Flowlity replaced Plum's manual replenishment with AI-sized buffers that account for demand variability and supplier lead times rather than relying on flat coverage rules. Excess safety stock that had built up during the Excel era as a defensive reflex was released as the system right-sized policies SKU by SKU, which translated directly into a 21% inventory drop at go-live.
Over time, the long-term reduction reached 38% (from a €598k baseline to a €367k target) as planning strategies continued to mature. At unchanged demand, this lifted inventory turnover by roughly 60%, which freed working capital that Plum Living redeployed into growth investments rather than warehouse storage. Service levels held steady throughout the transition because the AI buffers, while smaller in aggregate, were positioned more intelligently across the catalogue: small movers no longer carried defensive overstock while fast movers gained the protection they actually needed. The 38% long-term gain compounded as more data flowed in and as planners refined the AI parameters with their domain knowledge.

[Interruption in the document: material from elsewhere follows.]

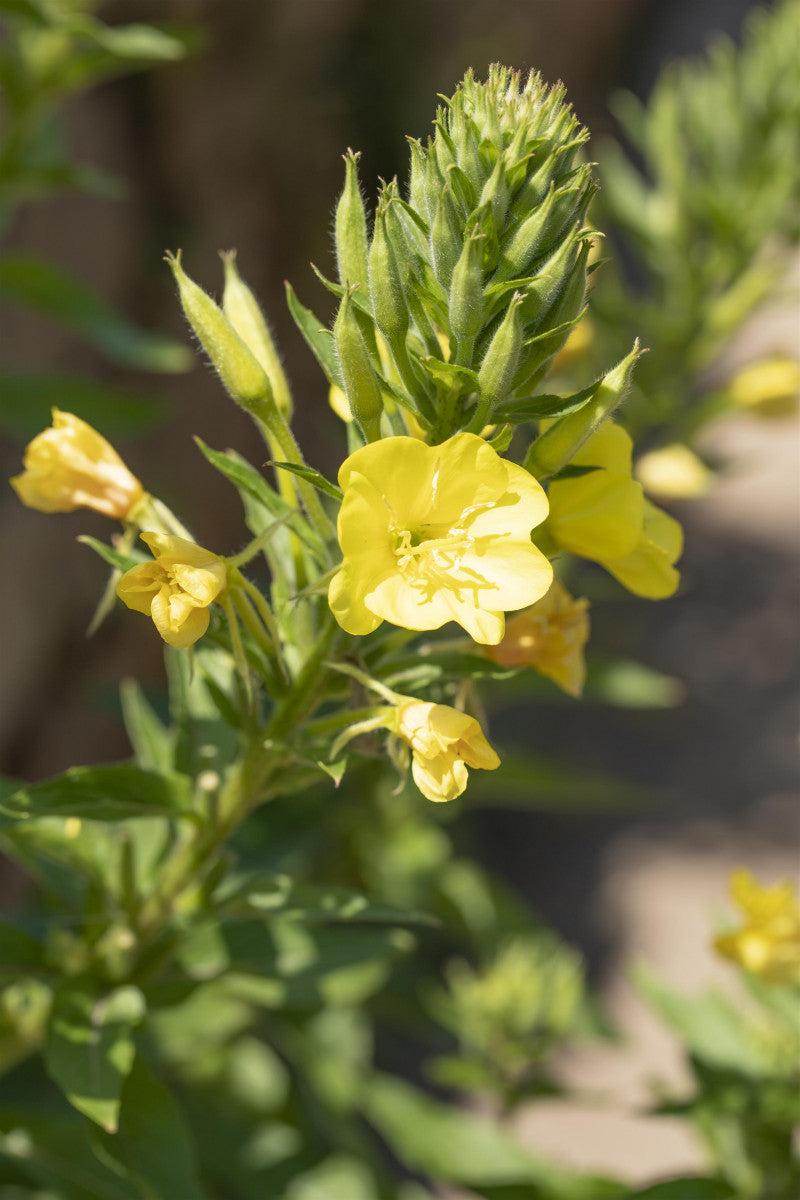 Oenothera biennis (Zweijährige Nachtkerze)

Once Flowlity went live at Plum Living, the system produced a rolling 9-month replenishment plan that gets shared continuously with the brand's ~10 suppliers, refreshed as new orders and forecasts come in. The 9-month horizon gives suppliers time to plan raw materials, capacity, and shipments rather than reacting to last-minute purchase orders, which reduces lead time variability and stockout risk on both sides of the relationship.
For a DTC furniture brand where manufacturing lead times stretch over weeks and customer expectations are set by next-day e-commerce, this kind of visibility is what unblocks growth without piling up inventory. The horizon also changes the conversation with suppliers from transactional ordering to collaborative planning: suppliers can flag capacity constraints early, propose batching that reduces unit cost, and align their own raw material procurement to Plum Living's catalogue evolution. The 9-month window is long enough to cover most supplier upstream cycles in the furniture industry, which is what makes it operationally meaningful rather than just a forecasting exercise.
Plum Living's inventory journey did not stop at the initial 21% reduction. As more demand and lead time data flowed through Flowlity, planners progressively refined buffer policies and supplier replenishment cadences, which pushed the long-term reduction to 38% (€598k → €367k target). Inventory turnover lifted by roughly 60% at unchanged demand, freeing working capital that the company can redeploy into growth. The supplier portal extended the 9-month replenishment horizon to Plum's ~10 suppliers, which turned ordering into collaborative planning and reduced lead time variability on both sides.